In this lecture we will explore the various approaches that are applied to investigate the very hot and dense matter produced in nuclear interactions. After a general introduction to the topic, a deeper introduction into the multi-fluid hydrodynamics approach and into transport theory are provided. The theoretical methods and results are compared to experimental data and conclusions about the properties of the produced matter are drawn.

An overview on the landscape of QCD related experimental research projects in Germany, or with German involvement, will be given. Apart from the FAIR project there are also many other activities in the fields of heavy-ion, hadron and nuclear physics that are currently being addressed at various laboratories, e.g. COSY or CERN. Several experiments will be presented and the research opportunities at the various laboratories will be discussed. Also, the funding mechanisms in Germany, resp. Europe, for large scale experimental projects will be introduced.
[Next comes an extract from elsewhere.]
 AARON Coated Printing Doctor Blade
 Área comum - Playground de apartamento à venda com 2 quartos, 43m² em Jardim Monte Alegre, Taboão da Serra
The object of radiotherapy in oncology is to destroy tumor cells while sparing surrounding, healthy tissues. This requires maximizing the physical dose of radiation as well as the biological effectiveness in the tumor while minimizing them in healthy tissues. Accelerated ions meet these objectives far better than the commonly used X-rays.  The biologically effective dose in the tumor can be optimized by selecting the appropriate kind of ions. Many years of research at GSI have established that carbon ions are best. The maximum biological effect coincides exactly with the maximum physical dose. These effects intensify each other synergistically so that the carbon ions damage cells very effectively at their full penetration depth within the body. In protons and lighter ions the increase in biological effectiveness is small. In heavier ions it occurs too soon and tends to damage healthy tissues overlying the tumor. In this lecture, we will introduce the main results and approaches to apply and validate this new method.

As a contrast and complementation to the science at FAIR the high energy physics at the LHC will be presented. Here the focus will additionally lie on the description of black holes, quantum mechanical effects in black hole spacetime and the phenomenology of the Hawking radiation. 

To explore cosmic matter in the laboratory - this fascinating research prospect becomes available at the Facility for Antiproton and Ion Research, FAIR. The new facility is being constructed adjacent to the existing accelerator complex of the GSI Helmholtz Centre for Heavy Ion Research at Darmstadt/Germany. At worldwide unique accelerator and experimental facilities, FAIR will open the way for a large variety of experiments in hadron, nuclear, atomic and plasma physics as well as applied sciences which will be introduced in this lecture. The main part of the lecture will focus on the exploration of the QCD phase diagram grouped in five chapters:

1. Nuclear Matter at (or close to) ground state
2. Exploring compressed nuclear matter in “nature”- late stages of heavy stars
3. Exploring dense nuclear matter in the laboratory
4. Exploring the early universe in the laboratory
5. Exploring the highest baryon densities in the laboratory.

This lecture will focus on the scientific environment and study and exchange programs. Challenges and opportunities for Cuban students will be discussed. Dr. Sascha Vogel will also provide a general public presentation.